[Captioned web image data]
Content starts

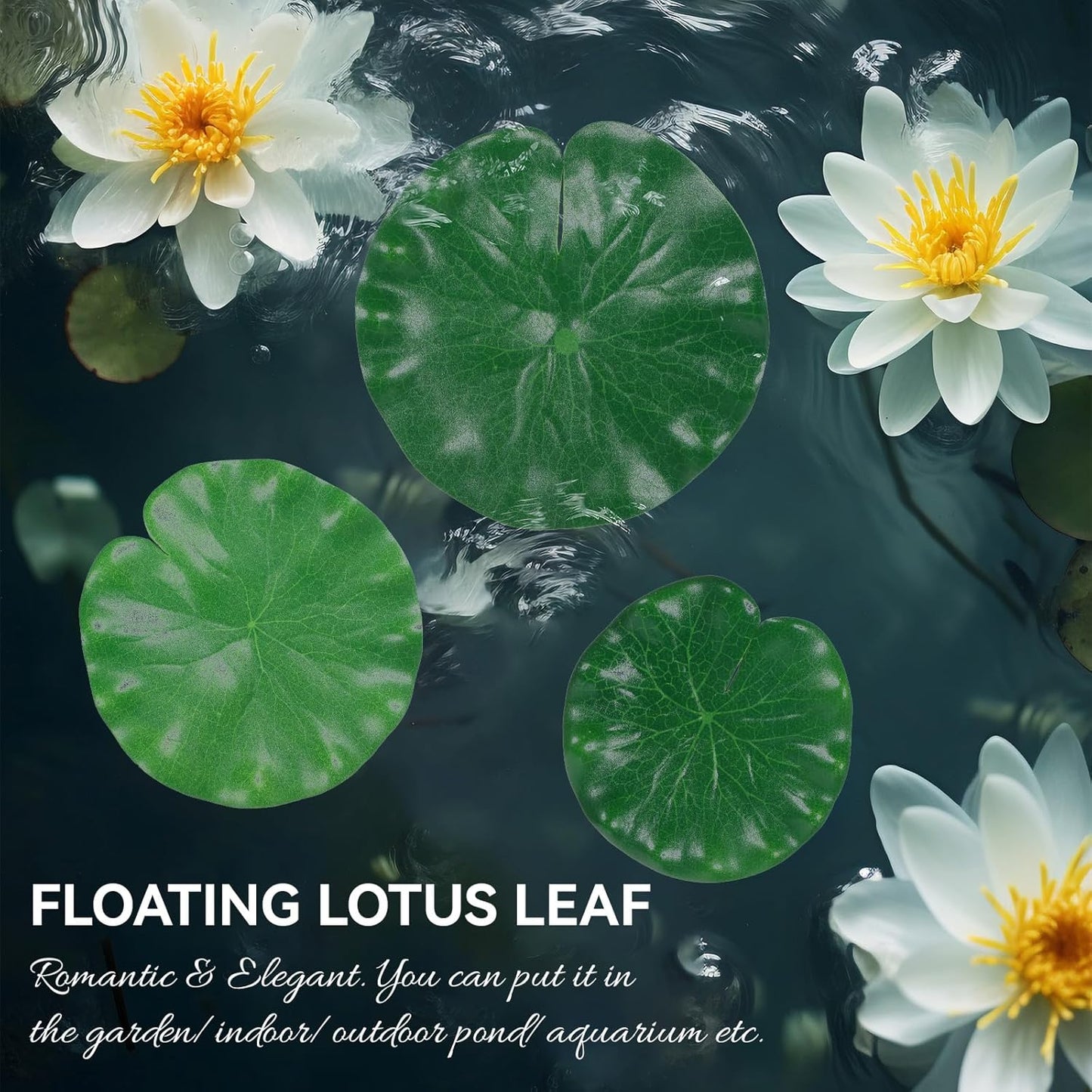 12Pcs Lily Pads for Ponds, Artificial Floating Foam Lotus Leaves Realistic Water Lily Pads Foliage Pond Decor for Pool Koi Fish Patio Aquarium Outdoor Ponds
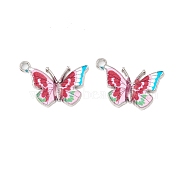 Alloy Enamel Pendants, Platinum, Butterfly, Colorful, 22x19x2mm, Hole: 1.8mm(ENAM-H031-A05-P)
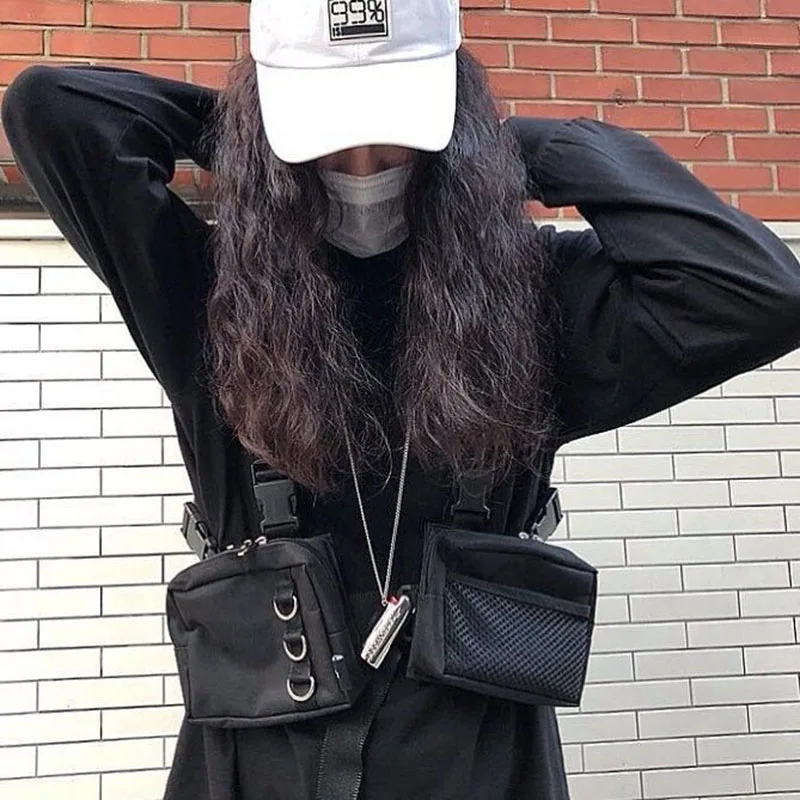 Hip Hop Chest Bag Tactical Streetwear Waist Pack Unisex Outdoor Functional Vest Bag Two Pockets Harness Chest Rig Bag Disco Pack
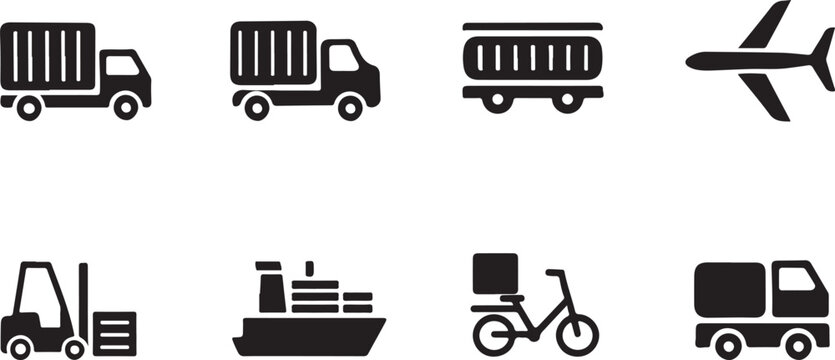 A collection of black silhouette icons representing various modes of transportation and logistics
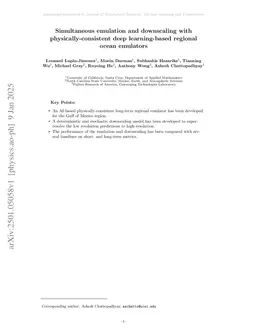 Simultaneous emulation and downscaling with physically-consistent deep learning-based regional ocean emulators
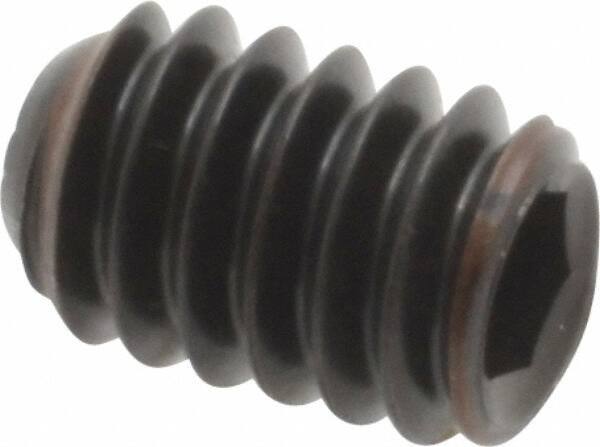 Holo-Krome - 1/4-20 UNC, 3/8" OAL, Internal Knurl Point Set Screw - Grade 8 Alloy Steel, 1/8" Key - Americas Industrial Supply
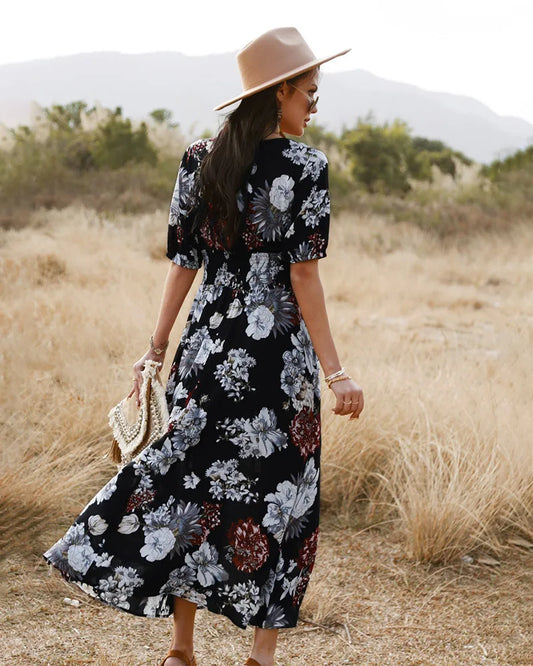 FashionSierra-Bohemian  Cotton Floral Print  Long  Women  V-neck  Short Sleeve  Casual  Vestido  Robe  Elegant  Summer Boho Dress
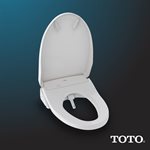 Siège de toilette bidet électronique TOTO® WASHLET® S550e avec nettoyage de la cuvette et de la baguette EWATER+®, allongé, coton blanc - SW3054 #01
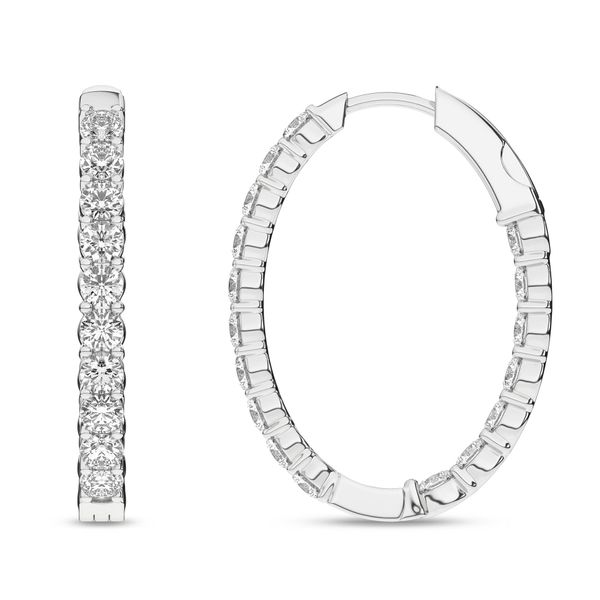 14K White Gold 3.0ctw Lab-Grown Diamond Inside-Out Hoop Earrings Blocher Jewelers Ellwood City, PA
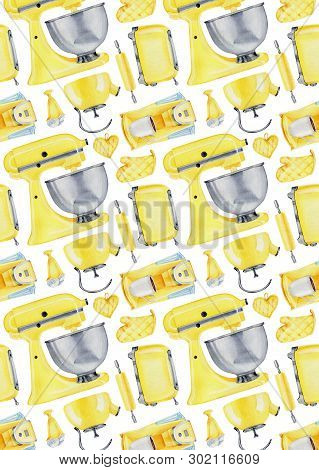 Cooking Bookl With  Hand Draw Pattern Of Utensil  For Kitchen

Content ends

● TASK BRIEF:
A picture must not appear in the copy. Transcribe exactly the lines from the one with "Hip Hop Chest" through the final line of the entries, both included, and no more.

● EXERCISE OUTPUT:
 Hip Hop Chest Bag Tactical Streetwear Waist Pack Unisex Outdoor Functional Vest Bag Two Pockets Harness Chest Rig Bag Disco Pack
 A collection of black silhouette icons representing various modes of transportation and logistics
 Simultaneous emulation and downscaling with physically-consistent deep learning-based regional ocean emulators
 Holo-Krome - 1/4-20 UNC, 3/8" OAL, Internal Knurl Point Set Screw - Grade 8 Alloy Steel, 1/8" Key - Americas Industrial Supply
 FashionSierra-Bohemian  Cotton Floral Print  Long  Women  V-neck  Short Sleeve  Casual  Vestido  Robe  Elegant  Summer Boho Dress
 Siège de toilette bidet électronique TOTO® WASHLET® S550e avec nettoyage de la cuvette et de la baguette EWATER+®, allongé, coton blanc - SW3054 #01
 14K White Gold 3.0ctw Lab-Grown Diamond Inside-Out Hoop Earrings Blocher Jewelers Ellwood City, PA
 Cooking Bookl With  Hand Draw Pattern Of Utensil  For Kitchen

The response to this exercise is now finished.